→ EXERCISE: Print the data that follows word for word, leaving out any picture.

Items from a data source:
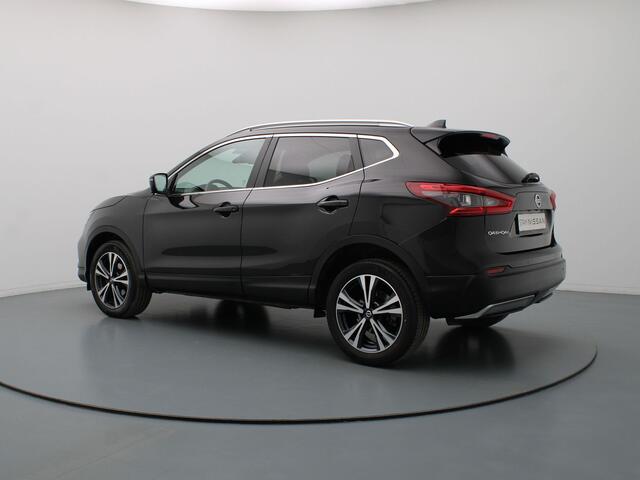 Nissan QASHQAI 140pk DIG-T N-Connecta 360° Camera | Climate | Navi | Parksens. v+a | Panoramadak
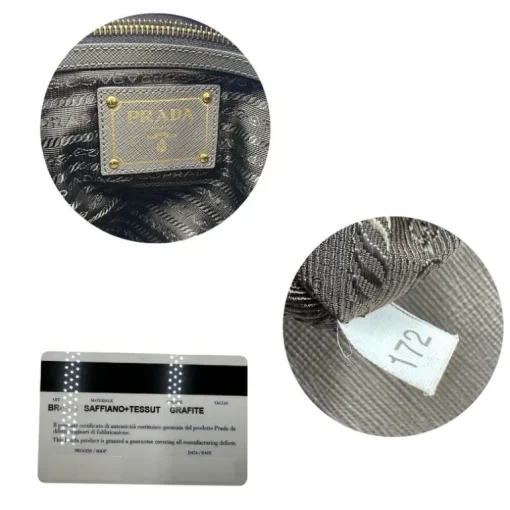 Borsa a spalla Prada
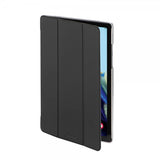 Hama Samsung Galaxy Tab A8 Fold Clear -suojakuori, musta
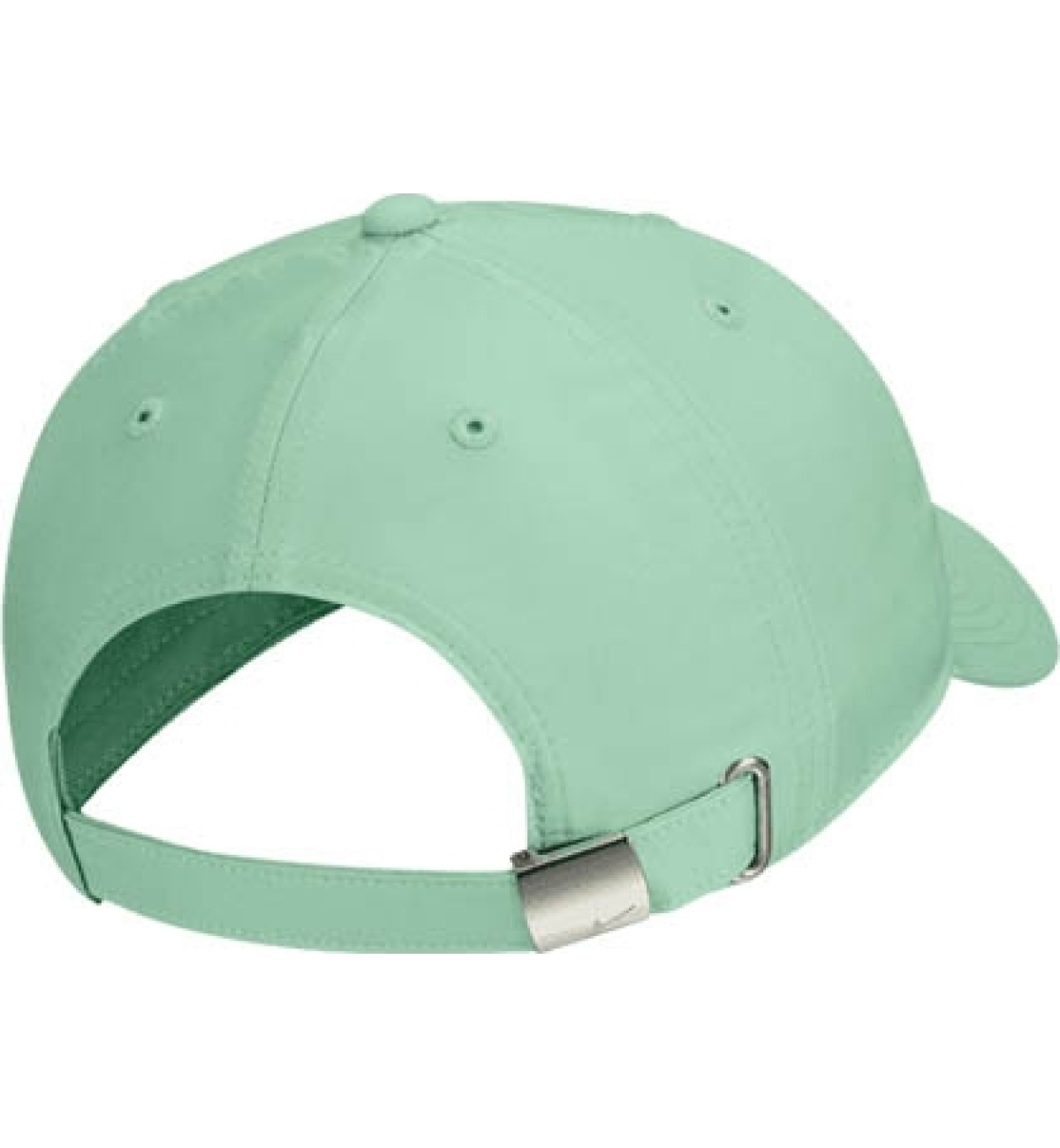 Кепка дитяча Nike JR H86 Cap Metal Swoosh Light-Green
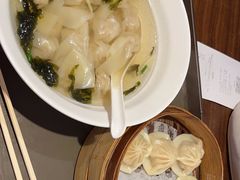 -大食代美食广场(迪士尼小镇店)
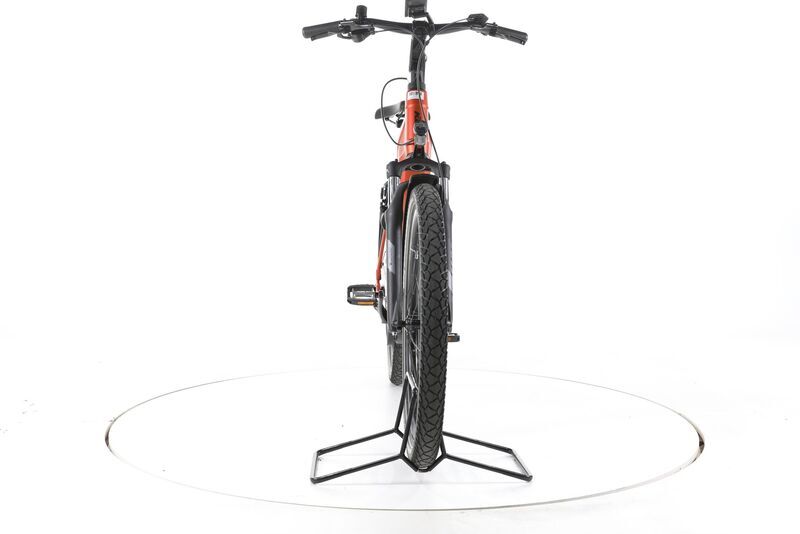 KTM Macina Gran 610 2023 | oranžová | 27,5" | L | < 500 km, image 4 of 5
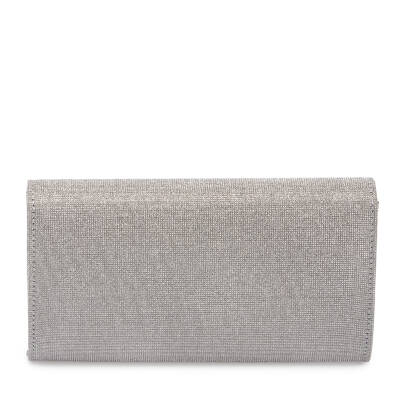Platin Tekstil Kadın Abiye Çanta - S25Y1AB79525-V9C - 3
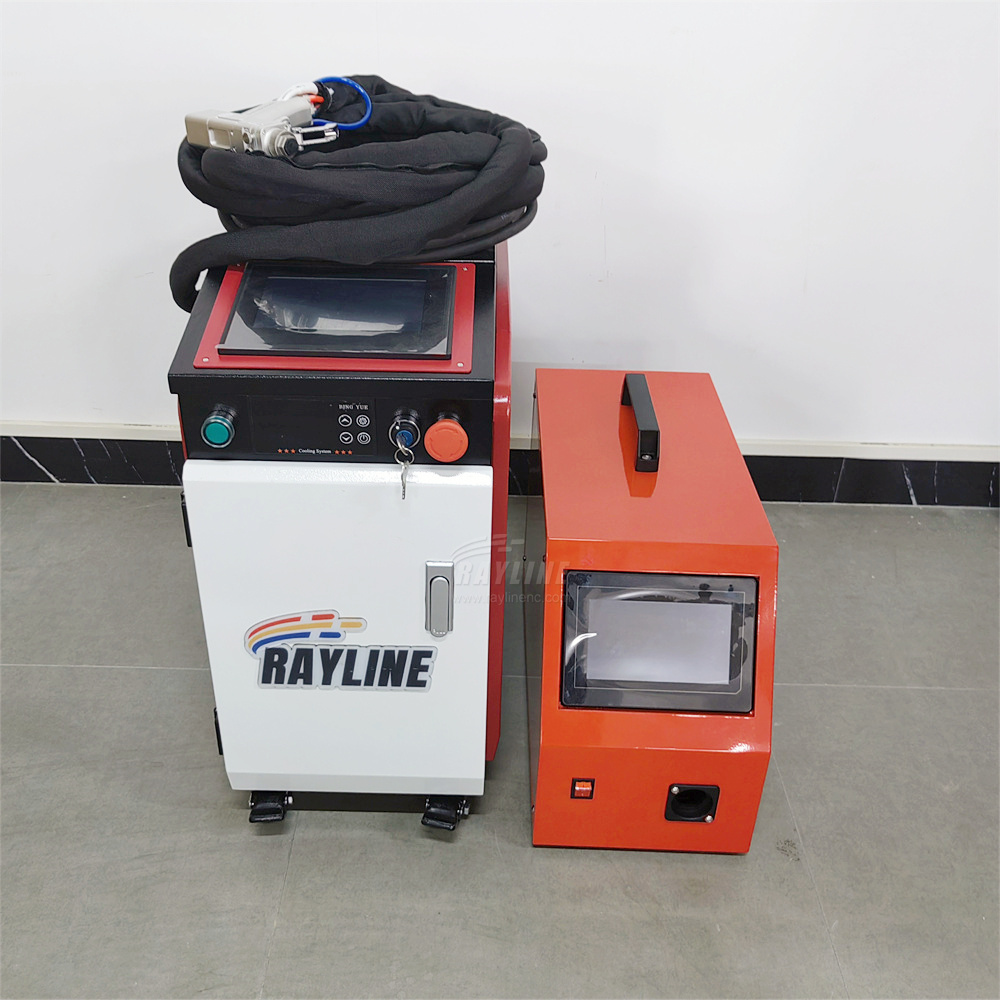 3 in 1 Laser Welding Machine/3 - Industrial Grade Laser Cutter ulasan dan harga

→ OUTPUT:
 Nissan QASHQAI 140pk DIG-T N-Connecta 360° Camera | Climate | Navi | Parksens. v+a | Panoramadak
 Borsa a spalla Prada
 Hama Samsung Galaxy Tab A8 Fold Clear -suojakuori, musta
 Кепка дитяча Nike JR H86 Cap Metal Swoosh Light-Green
 -大食代美食广场(迪士尼小镇店)
 KTM Macina Gran 610 2023 | oranžová | 27,5" | L | < 500 km, image 4 of 5
Platin Tekstil Kadın Abiye Çanta - S25Y1AB79525-V9C - 3
 3 in 1 Laser Welding Machine/3 - Industrial Grade Laser Cutter ulasan dan harga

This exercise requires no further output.